What is being asked: When you reach the line below that has "韩系ngc林娜琏同款涂鸦卡通美少女美萌连帽卫衣男女上衣情侣ins", start returning lines exactly, and stop after the line that has "Men's Round Neck"; skip the pictures.

Stored data entries:
* * * * * * * * *

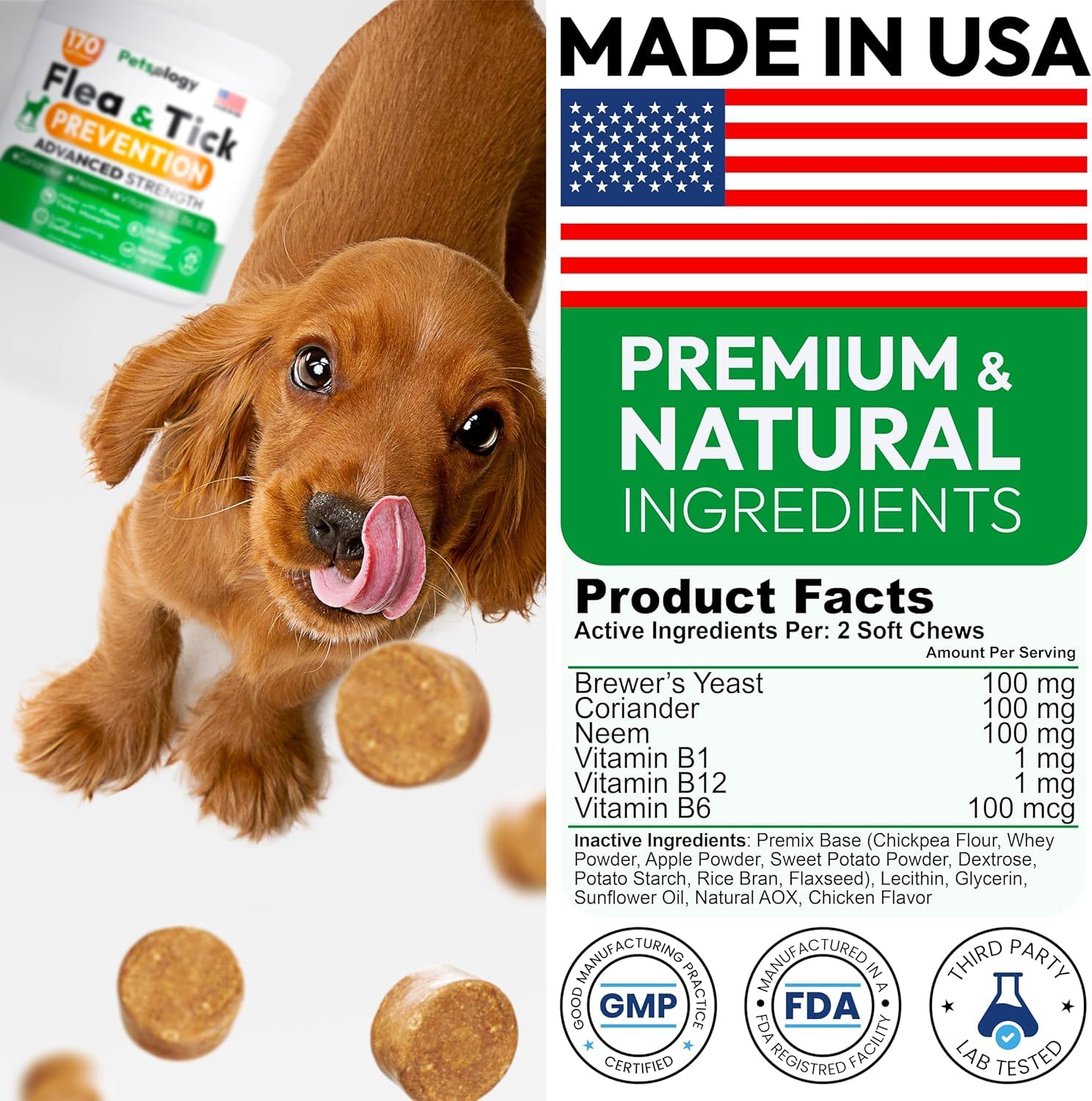 Petsology natural ingredients highlighted on chews for safer protection.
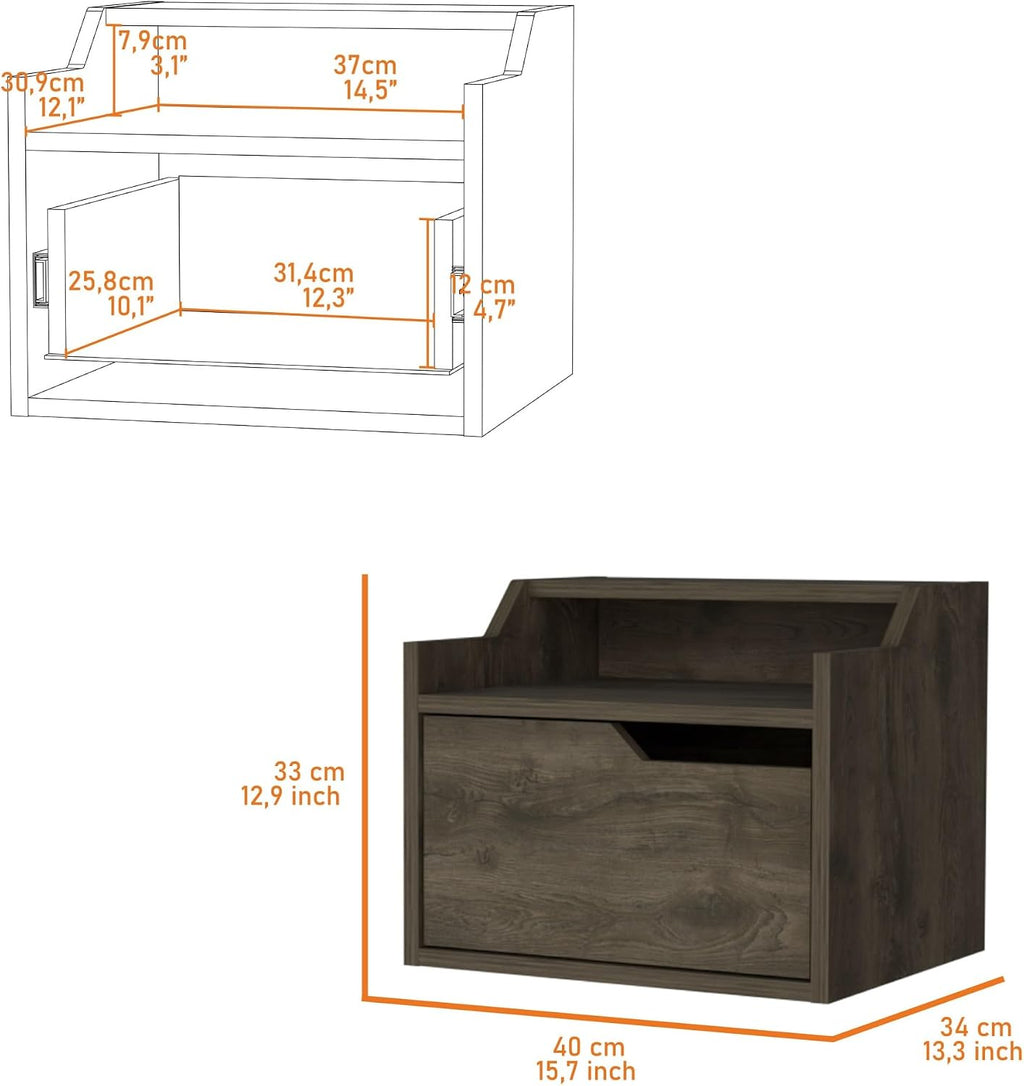 Floating Nightstand with Drawer and Dual-Shelf Display,for Small Spaces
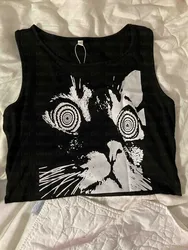 女性のためのゴシックグランジショートTシャツ,ヴィンテージカワイイ猫のグラフィックトップ,黒のレトロなキティミニベスト,パンクスタイルのemo服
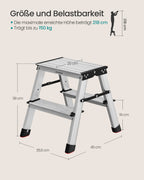 Ladder-with 2 non-slip steps-silver-gray-ink black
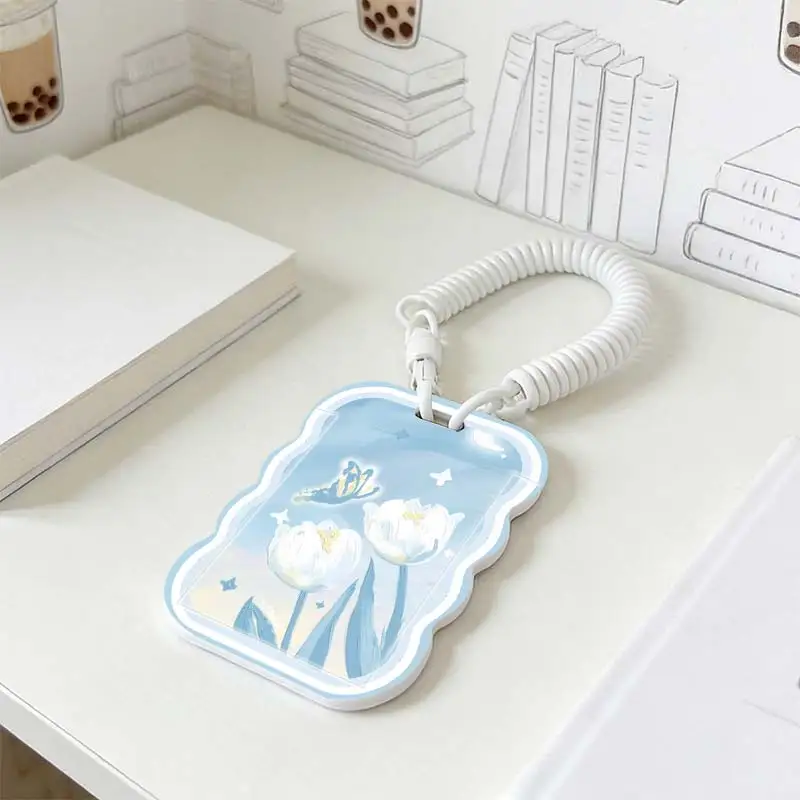 Card Protective Case for Photo Protector Student Bus/Meal Card Protection Case Stretchable Spring Cord Kpop Photocard Holder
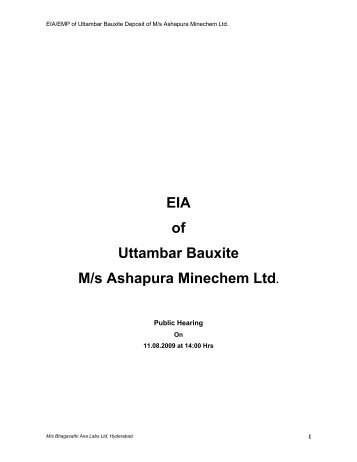 M/s. Ashapura Group of Mine Chem, Vill. Uttamber, Tal ... - eRc India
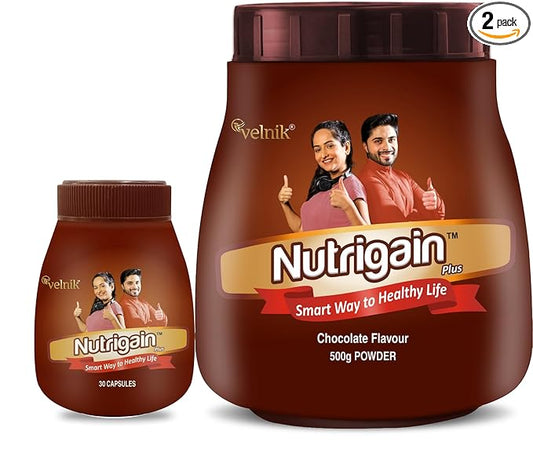 Nutrigain Plus Ayurvedic Weight Gain Powder – Natural Nutrition Supplement for Healthy Weight Gain + 30 Capsules FREE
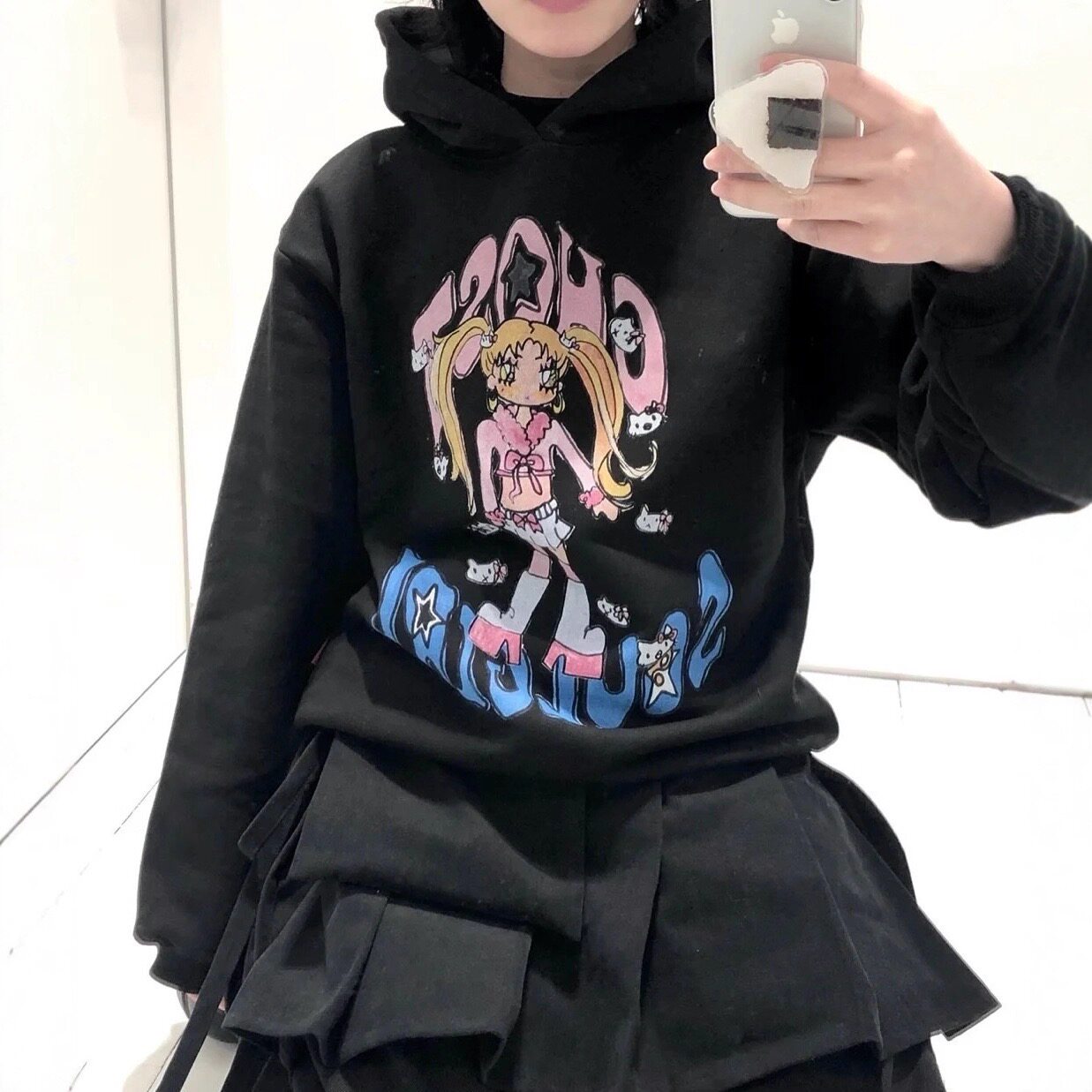 韩系ngc林娜琏同款涂鸦卡通美少女美萌连帽卫衣男女上衣情侣ins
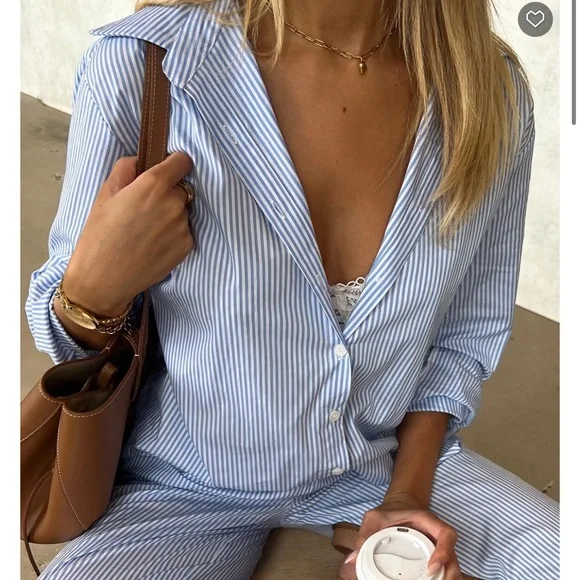 White Fox Boutique Always About Us Striped Button Up Shirt Light Blue Size S/M - Picture 7 of 15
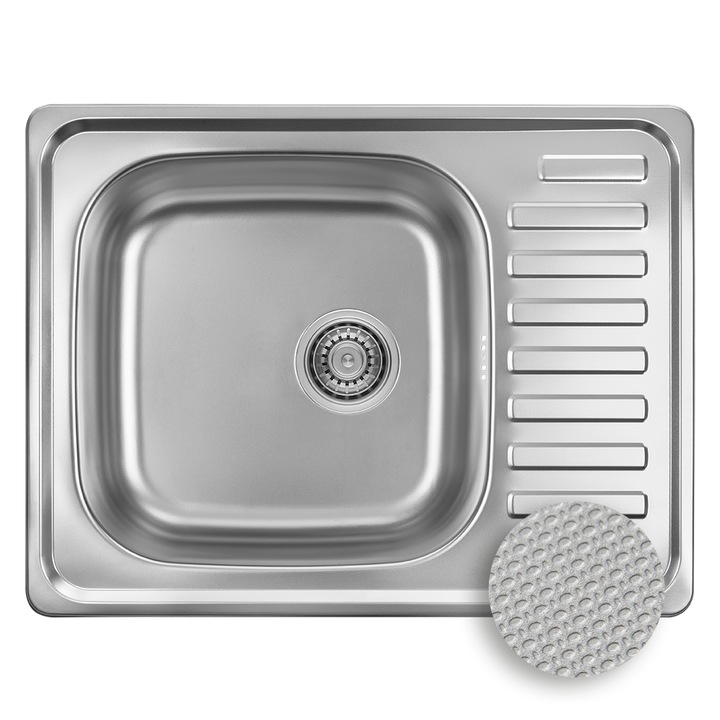 Chiuveta bucatarie, Kuchinox, 1 compartiment cu polociecare, 48x64cm, inox, finisaj neted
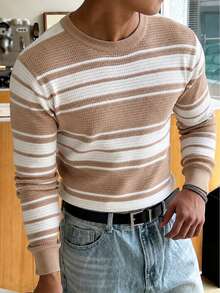 Men's Round Neck Long Sleeve Ribbed Knit Sweater - Apricot - View 1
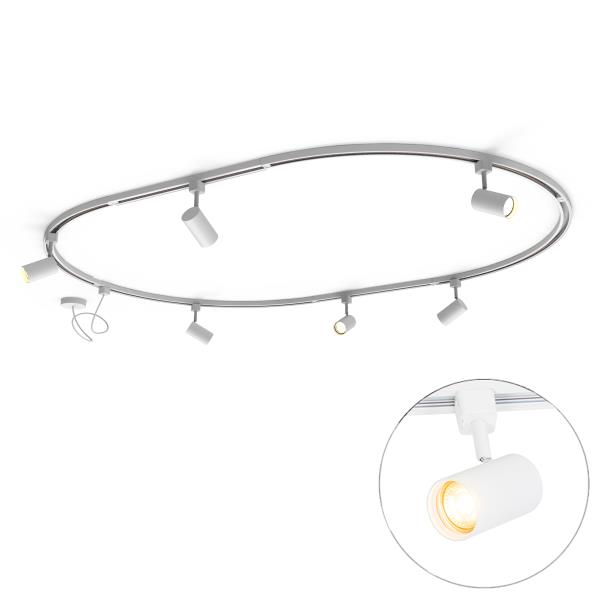 Moderní kolejnicový systém s 6 reflektory bílý 1-fázový oválný 100cm - Iconic Jeana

* * * * * * * * *

Finished exercise:
 韩系ngc林娜琏同款涂鸦卡通美少女美萌连帽卫衣男女上衣情侣ins
 White Fox Boutique Always About Us Striped Button Up Shirt Light Blue Size S/M - Picture 7 of 15
 Chiuveta bucatarie, Kuchinox, 1 compartiment cu polociecare, 48x64cm, inox, finisaj neted
 Men's Round Neck Long Sleeve Ribbed Knit Sweater - Apricot - View 1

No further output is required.